Dawson’s internationally disseminated speech to the Church Congress at Birmingham in October 1921 advocated the use of birth control within marriage and endorsed sex as important to this union.Footnote 112 For Dawson, birth control offered an efficacious way to manage the expansion of respectable English families so that a mother would not be worn down by the physical and emotional stress of successive births and childrearing.Footnote 113 Into the 1930s, he maintained that the ideal family should have at least three children to support not only the ‘happiness and enduring youth’ of the individual but also so that British imperial sovereignty would be guaranteed for successive generations.Footnote 114 In support of this mission, Dawson championed schemes to improve the quantity and quality of the British populace amid reports of a low birth rate and apocalyptic projections of population decline.Footnote 115 In addressing the York Medical Society in November 1935, he argued for improvements in nutritious food provision and physical fitness for the young, as well as milk subsidies for children, pregnant women, and nursing mothers.Footnote 116 Dawson also endorsed negative eugenic schemes, including segregation and the voluntary sterilisation of ‘mental defectives’, by arguing that society could not ‘afford to have these vicious strains breeding in our midst’.Footnote 117 The physician’s pro-natalist standpoint was well-acknowledged, if not universally endorsed,Footnote 118 with Punch satirising his campaigning for the Physical Training and Marriage Bills in mid-1937 under the captioned cartoon of ‘A Brace of Babies’.Footnote 119

At the Hale trial, Dawson’s testimony on the ‘newly-born question’ was deployed as part of the broader defence stratagem to bring the case within the remit of the 1922 Act.
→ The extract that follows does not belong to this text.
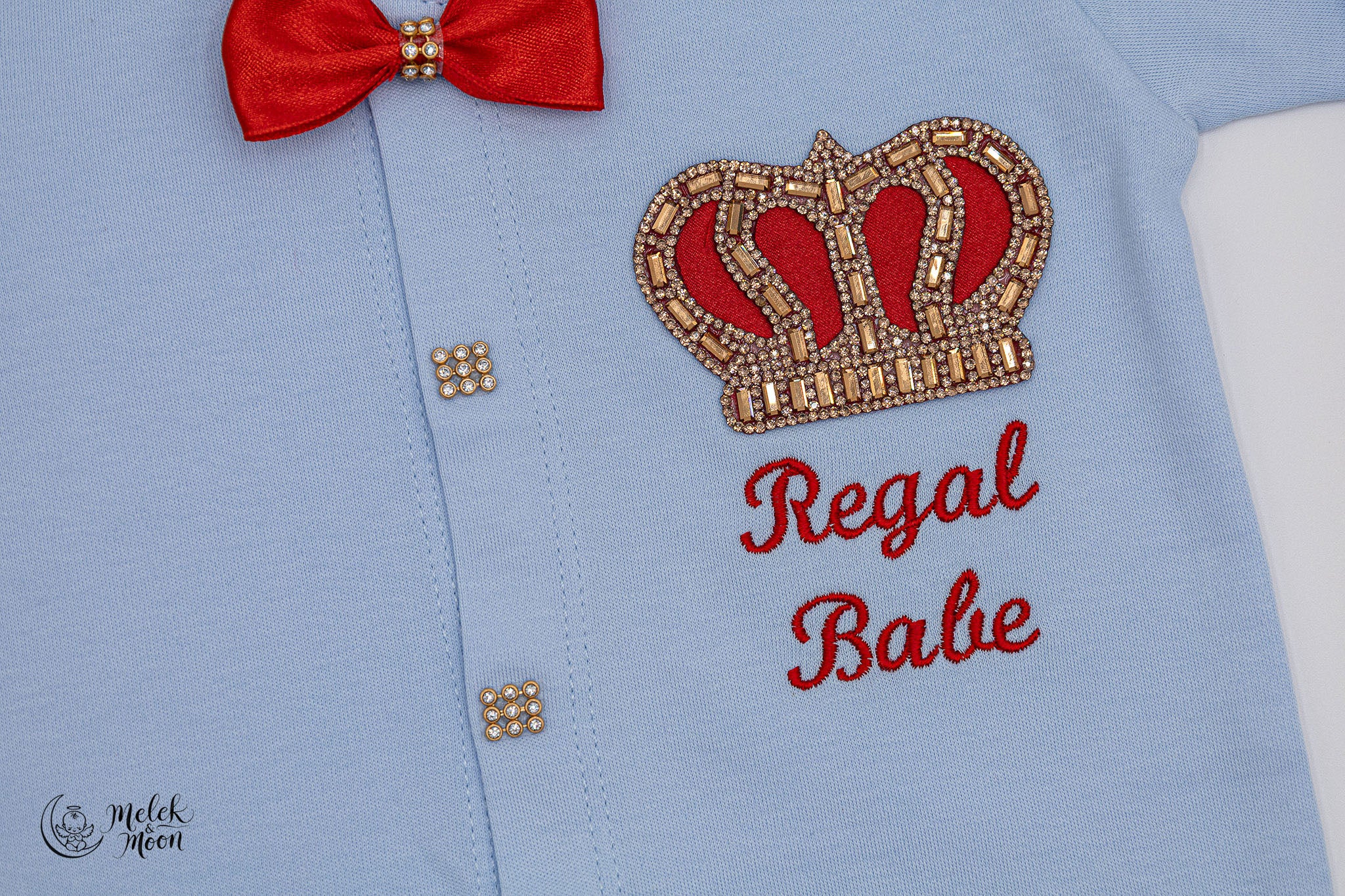 Conjunto de dijes majestuosos en azul y carmesí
Dawson noted that the phrase had ‘never been defined in medicine’Footnote 120 but endorsed the practice adopted by medical statisticians and the Ministry of Health, who included ‘any child …up to four weeks old’ as ‘newly born’.Footnote 121 Despite this strategy, Humphreys J asserted that the Hale case was beyond the provisions of the Act as he was bound by the O’Donoghue decision. Hale’s team were more successful, however, in arguing that she had failed to recover from the effects of giving birth and so was not legally responsible. Following Dr Medlock’s evidence of Hale’s medical history and disturbed mental state following the crime, Dawson testified that:

[H]e thought Mrs Hale was suffering from puerperal insanity when she killed her child, and he agreed with Dr Medlock that she would not know what she was doing.

Mr Hutchinson: How long would you say a woman remains affected by childbirth?

– I should say not less than three weeks.

His Lordship: Does that apply to all women?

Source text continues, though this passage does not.